__What needs to be done__.
From the listing below, how many lines hold the word "Couro"? Write only the number.

__Material to process__.
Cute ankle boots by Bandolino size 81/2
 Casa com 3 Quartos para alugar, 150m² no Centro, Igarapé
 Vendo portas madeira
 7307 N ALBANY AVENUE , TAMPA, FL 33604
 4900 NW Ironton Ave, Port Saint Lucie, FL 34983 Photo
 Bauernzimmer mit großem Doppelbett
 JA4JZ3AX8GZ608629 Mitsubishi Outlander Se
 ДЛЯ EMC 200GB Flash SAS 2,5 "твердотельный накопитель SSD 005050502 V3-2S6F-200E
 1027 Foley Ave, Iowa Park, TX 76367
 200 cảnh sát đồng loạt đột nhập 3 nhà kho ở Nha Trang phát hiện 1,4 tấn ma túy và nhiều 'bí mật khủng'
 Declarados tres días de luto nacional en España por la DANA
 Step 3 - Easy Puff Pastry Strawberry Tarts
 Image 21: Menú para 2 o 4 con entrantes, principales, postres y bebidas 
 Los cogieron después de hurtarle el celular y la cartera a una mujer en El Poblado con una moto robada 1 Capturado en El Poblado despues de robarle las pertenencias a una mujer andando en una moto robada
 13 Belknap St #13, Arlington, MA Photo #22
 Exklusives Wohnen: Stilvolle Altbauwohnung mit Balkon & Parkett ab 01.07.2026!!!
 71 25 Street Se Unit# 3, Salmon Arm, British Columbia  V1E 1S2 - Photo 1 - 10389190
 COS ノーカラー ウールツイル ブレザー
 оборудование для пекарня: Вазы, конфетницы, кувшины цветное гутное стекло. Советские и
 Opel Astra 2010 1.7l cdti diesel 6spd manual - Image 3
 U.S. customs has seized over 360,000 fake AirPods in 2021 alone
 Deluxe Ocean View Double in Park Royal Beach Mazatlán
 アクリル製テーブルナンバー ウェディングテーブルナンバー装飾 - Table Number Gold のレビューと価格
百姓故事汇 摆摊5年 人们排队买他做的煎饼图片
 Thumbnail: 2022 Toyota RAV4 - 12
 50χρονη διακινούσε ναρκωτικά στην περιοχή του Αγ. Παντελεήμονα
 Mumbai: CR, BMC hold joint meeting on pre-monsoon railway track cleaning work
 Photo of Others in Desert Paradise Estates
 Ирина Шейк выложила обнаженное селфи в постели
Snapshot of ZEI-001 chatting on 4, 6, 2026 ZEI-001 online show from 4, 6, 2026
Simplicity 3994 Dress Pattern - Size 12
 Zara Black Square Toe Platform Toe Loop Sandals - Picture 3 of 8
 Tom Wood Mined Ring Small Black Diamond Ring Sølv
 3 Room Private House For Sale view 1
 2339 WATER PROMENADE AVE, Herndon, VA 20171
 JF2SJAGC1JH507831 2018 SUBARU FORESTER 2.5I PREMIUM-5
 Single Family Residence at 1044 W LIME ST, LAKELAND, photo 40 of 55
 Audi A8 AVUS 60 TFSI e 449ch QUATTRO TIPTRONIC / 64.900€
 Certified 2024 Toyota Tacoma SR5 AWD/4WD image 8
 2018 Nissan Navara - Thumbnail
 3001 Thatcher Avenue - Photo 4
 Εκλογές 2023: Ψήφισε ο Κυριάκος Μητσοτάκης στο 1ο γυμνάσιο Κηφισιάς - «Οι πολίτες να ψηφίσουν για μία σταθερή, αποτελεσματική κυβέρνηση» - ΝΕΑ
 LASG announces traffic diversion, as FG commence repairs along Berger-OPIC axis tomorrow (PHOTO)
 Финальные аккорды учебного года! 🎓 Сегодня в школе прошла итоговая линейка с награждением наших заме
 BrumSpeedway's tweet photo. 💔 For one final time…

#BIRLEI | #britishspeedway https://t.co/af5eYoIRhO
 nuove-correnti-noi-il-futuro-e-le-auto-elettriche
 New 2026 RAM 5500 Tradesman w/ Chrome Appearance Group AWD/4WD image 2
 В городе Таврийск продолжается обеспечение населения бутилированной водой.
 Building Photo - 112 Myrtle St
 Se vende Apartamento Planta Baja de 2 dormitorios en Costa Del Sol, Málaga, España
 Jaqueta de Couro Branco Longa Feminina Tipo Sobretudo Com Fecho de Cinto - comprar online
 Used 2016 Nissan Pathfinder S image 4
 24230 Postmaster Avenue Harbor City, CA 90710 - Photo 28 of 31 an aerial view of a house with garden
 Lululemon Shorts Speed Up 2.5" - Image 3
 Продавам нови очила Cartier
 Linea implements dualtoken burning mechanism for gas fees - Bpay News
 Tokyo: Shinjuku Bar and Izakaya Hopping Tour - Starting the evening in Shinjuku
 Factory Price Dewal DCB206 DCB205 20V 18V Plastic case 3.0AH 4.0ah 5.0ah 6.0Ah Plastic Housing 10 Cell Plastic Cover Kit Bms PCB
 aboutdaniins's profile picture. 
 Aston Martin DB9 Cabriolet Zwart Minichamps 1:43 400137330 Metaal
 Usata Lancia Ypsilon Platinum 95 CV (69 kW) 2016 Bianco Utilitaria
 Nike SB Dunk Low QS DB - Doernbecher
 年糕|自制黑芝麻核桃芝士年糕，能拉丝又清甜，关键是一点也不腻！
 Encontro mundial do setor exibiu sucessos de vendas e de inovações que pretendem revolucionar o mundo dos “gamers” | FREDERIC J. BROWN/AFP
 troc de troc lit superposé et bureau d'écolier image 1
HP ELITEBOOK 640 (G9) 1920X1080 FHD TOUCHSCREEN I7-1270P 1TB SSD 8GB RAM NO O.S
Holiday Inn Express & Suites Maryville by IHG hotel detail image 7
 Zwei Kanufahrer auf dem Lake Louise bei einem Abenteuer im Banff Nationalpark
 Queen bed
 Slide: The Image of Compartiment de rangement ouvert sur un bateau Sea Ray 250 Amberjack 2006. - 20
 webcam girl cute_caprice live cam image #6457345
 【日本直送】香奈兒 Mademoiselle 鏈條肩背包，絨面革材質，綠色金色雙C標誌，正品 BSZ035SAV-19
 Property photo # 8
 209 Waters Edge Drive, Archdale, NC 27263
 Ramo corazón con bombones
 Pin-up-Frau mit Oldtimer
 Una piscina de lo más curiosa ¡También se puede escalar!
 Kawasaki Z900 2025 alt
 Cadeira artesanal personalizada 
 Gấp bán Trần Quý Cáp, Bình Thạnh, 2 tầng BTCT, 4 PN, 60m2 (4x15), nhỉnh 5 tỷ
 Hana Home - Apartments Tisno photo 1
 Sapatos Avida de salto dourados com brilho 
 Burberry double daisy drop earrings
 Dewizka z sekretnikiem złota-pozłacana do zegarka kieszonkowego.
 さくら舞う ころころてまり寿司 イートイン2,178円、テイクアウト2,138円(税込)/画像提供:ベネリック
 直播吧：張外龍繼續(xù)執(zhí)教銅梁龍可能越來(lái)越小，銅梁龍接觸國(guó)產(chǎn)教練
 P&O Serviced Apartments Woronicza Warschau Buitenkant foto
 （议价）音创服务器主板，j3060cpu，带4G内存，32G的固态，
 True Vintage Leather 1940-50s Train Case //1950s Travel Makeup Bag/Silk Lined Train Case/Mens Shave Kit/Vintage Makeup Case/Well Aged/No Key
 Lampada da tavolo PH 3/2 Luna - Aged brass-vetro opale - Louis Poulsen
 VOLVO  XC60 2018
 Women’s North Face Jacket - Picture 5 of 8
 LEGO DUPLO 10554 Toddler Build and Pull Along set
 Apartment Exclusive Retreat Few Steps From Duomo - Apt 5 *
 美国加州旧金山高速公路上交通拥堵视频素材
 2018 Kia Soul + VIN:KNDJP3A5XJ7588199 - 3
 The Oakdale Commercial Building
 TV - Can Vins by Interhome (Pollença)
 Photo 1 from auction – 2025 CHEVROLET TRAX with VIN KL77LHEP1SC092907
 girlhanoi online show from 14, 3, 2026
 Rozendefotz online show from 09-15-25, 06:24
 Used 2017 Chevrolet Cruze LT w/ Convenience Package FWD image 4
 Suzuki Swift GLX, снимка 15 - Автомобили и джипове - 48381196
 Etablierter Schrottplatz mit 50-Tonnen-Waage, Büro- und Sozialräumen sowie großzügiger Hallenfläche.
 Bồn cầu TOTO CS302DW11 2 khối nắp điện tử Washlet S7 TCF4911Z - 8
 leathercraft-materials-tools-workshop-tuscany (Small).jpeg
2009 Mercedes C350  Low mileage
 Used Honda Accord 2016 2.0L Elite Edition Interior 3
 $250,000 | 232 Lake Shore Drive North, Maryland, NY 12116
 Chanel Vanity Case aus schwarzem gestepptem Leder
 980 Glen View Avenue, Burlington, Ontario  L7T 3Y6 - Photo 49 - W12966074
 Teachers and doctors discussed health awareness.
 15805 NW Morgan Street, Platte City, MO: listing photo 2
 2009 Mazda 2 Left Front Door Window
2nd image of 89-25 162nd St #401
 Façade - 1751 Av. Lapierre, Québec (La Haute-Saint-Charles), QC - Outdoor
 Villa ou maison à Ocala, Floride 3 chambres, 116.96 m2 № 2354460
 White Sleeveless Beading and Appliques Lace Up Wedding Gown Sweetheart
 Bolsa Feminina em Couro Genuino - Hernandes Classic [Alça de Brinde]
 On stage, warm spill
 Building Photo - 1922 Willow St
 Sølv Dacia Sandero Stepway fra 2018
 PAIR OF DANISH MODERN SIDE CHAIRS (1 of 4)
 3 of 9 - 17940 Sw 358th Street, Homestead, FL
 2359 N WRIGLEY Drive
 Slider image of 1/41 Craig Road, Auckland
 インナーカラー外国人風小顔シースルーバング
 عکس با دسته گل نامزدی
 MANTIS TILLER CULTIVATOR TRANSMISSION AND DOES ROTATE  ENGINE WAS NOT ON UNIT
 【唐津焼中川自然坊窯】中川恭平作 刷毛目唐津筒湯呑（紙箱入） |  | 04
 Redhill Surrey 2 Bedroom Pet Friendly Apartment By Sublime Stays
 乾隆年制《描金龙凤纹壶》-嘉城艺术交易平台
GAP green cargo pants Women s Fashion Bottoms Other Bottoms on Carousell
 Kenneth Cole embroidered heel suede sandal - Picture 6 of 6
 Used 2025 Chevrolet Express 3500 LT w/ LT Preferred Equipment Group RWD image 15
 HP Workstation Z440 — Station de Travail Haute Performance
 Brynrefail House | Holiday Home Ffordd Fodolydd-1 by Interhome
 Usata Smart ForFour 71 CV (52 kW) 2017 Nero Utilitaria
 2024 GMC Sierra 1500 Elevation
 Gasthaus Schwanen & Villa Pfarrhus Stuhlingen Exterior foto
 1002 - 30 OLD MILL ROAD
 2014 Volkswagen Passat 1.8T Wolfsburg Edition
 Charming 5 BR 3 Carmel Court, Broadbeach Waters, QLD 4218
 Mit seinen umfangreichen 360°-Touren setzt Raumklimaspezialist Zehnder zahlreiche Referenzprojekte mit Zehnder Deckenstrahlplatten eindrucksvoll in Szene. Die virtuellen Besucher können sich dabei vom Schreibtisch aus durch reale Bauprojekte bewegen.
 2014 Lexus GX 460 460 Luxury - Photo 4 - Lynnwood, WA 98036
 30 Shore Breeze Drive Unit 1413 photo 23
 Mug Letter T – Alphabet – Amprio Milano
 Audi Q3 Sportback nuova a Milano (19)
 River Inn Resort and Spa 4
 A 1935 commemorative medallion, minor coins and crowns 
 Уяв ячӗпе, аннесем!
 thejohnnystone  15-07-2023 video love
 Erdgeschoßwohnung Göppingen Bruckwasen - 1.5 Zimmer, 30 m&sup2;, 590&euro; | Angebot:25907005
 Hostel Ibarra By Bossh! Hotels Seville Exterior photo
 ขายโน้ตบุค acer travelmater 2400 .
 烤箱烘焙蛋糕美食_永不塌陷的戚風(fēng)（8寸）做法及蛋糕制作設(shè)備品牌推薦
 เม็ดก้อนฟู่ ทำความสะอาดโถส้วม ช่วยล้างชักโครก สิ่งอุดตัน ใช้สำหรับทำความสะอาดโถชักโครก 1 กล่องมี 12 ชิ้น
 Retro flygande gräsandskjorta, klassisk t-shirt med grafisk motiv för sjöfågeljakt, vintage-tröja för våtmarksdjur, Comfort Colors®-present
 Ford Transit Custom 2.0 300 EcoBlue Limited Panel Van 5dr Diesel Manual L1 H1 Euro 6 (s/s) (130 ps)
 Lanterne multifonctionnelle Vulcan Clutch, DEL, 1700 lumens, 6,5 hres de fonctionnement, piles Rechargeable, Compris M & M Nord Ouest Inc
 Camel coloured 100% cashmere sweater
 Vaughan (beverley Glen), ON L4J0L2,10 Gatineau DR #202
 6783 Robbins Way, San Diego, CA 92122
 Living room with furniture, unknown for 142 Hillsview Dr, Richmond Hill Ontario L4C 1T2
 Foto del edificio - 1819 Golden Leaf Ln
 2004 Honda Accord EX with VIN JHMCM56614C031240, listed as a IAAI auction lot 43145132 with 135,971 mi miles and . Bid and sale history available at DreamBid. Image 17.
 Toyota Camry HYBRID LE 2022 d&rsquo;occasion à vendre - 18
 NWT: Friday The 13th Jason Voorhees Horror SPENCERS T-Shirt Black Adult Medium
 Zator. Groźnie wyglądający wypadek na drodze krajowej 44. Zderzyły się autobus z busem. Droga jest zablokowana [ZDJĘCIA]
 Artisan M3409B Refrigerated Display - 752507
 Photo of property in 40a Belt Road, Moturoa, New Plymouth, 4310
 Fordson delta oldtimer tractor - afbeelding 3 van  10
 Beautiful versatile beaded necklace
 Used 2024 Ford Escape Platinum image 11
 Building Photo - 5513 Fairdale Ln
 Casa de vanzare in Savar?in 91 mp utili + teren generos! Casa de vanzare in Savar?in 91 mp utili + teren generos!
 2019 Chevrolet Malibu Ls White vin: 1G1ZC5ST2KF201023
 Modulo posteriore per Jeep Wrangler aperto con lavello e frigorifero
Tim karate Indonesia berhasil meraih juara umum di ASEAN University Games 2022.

__Solution to this exercise__.
2